It appears that, in 1862, Adna C. Denison conveyed to Adeline C. Denison his dwelling-house and land connected therewith, and in 1865, one undivided half of the spring in question and right of way from the same, and that, in 1888, Adeline C. Denison conveyed to the defendant, B. F. Bradbury, the same dwelling-house and also her interest in the aqueduct, " reserving nevertheless the right for Horace Cole and his heirs to draw and use water from said aqueduct as he now uses it, and for the owners of said aqueduct to enter upon the premises hereby conveyed for the purpose of repairing said aqueduct.”

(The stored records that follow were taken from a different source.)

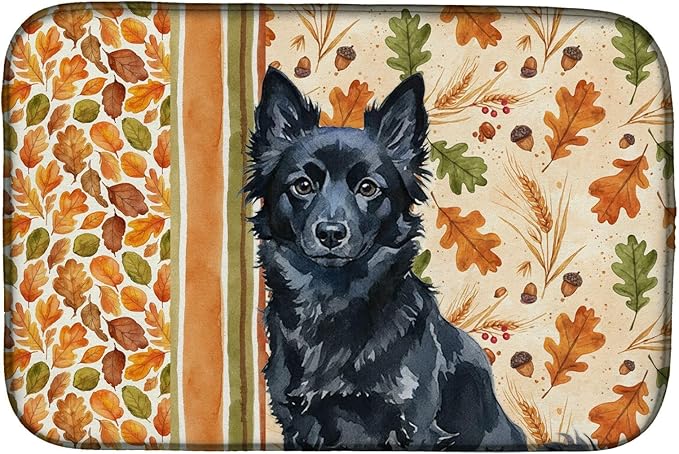 Caroline's Treasures Schipperke Heirloom Fall Dish Drying Mat Absorbent Dish Drying Mat Pad for Kitchen Counter Dish Drainer Mat for Countertop, 14 x 21", Multicolor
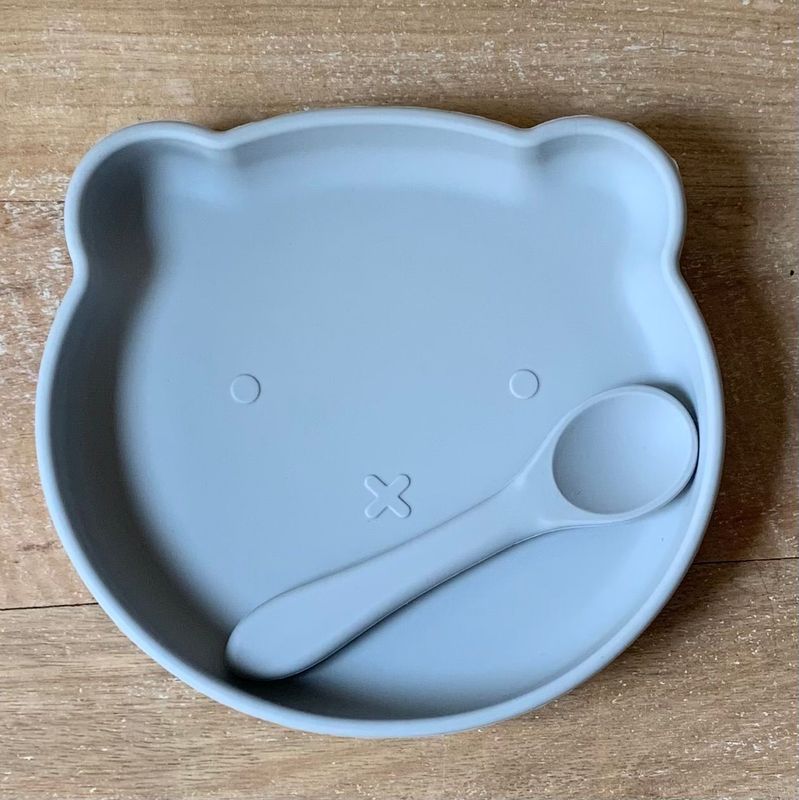 PLATO OSO CON CUCHARA SILICONA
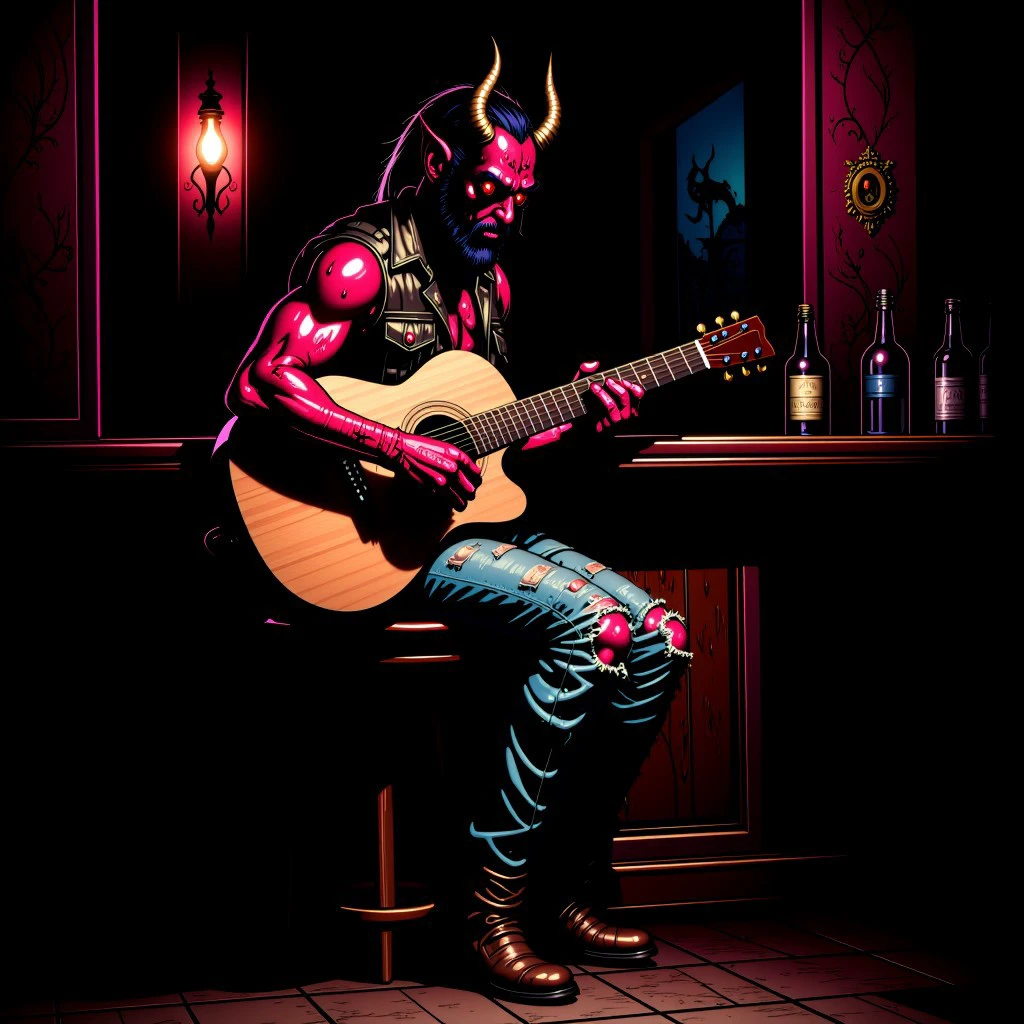 In a dark pub, the devil sits on a barstool facing the viewer and playing a classic guitar. Several empty bottles sit on the bar near him.  The devil's skin is dark red, and he is wearing an old, tattered vest, torn jeans, and old biker boots.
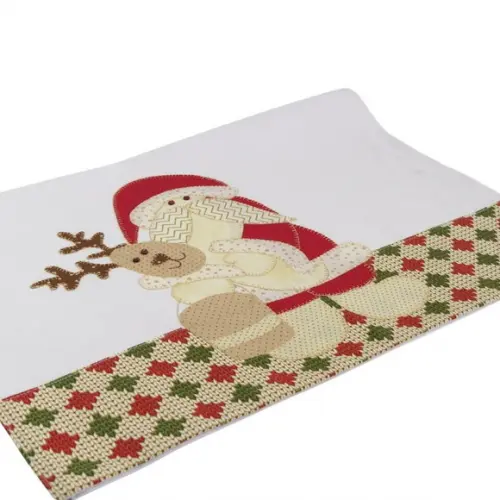 Pano de Prato Natal Bordado em Patch Aplique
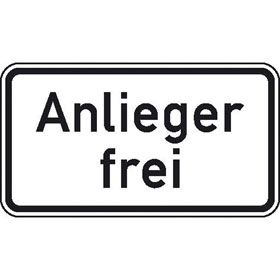 Zusatzzeichen nach StVO - Nr. 1020 - 30 Anlieger frei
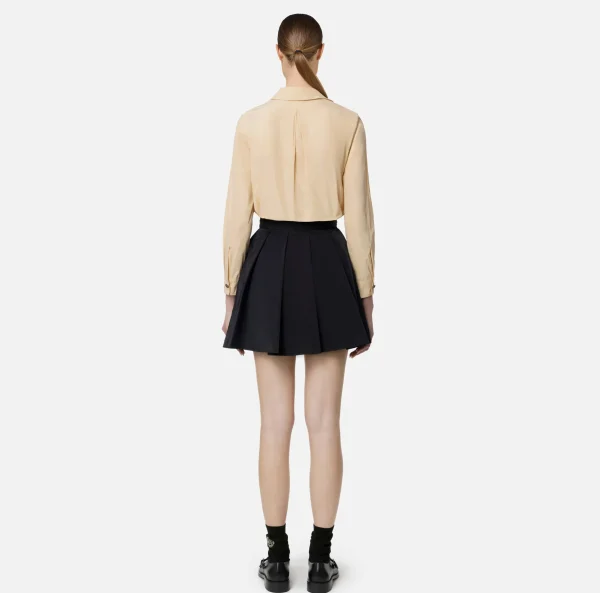 Elisabetta Franchi Camicie E Bluse^Camicia dritta in nylon tecnico con cravatta Crema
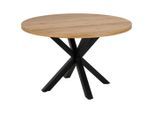 P & B Esstisch, Wildeiche, Holz, Wildeiche, furniert, rund, Sternfuß, 120x76.4x120 cm, Esszimmer, Tische, Esstische, Esstische rund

Inasmuch as Horace Cole was not a party to this deed, it is not claimed that this "reservation” was effectual, proprio vigore, to secure to him the right to draw and use water from this aqueduct, (Murphy v. Lee, 144 Mass. 374; Hill v. Lord, 48 Maine, 95) ; but it is insisted that, in order to effectuate the
*387 intention of the parties upon familiar principles of interpretation (Engel v. Ayer, 85 Maine, 448 ; Stockwell v. Couillard, 129 Mass. 223), it should be construed as an exception of another and distinct right in the aqueduct which thus remained in Adeline C. Denison as a part of her former estate, and passed by will to her residuary legatees. It has been seen, however, that the clause of reservation in question contains an express recognition of some existing right or privilege then enjoyed by Horace Cole. It clearly was not intended to reserve anything for the use of the grantor herself. She did not desire to retain anything in herself as of her former estate. It reserved, or more properly speaking, excepted from the conveyance whatever rights were then possessed by Horace Cole, and thus excluded any interest previously acquired by him from the operation of the covenants in her deed. Stockwell v. Couillard, and Hill v. Lord, supra. Adeline C. Denison retained no interest in. the aqueduct to bequeath to her residuary legatees.As to the co-plaintiffs, the bill is dismissed. As to Horace-Cole the bill is sustained with costs.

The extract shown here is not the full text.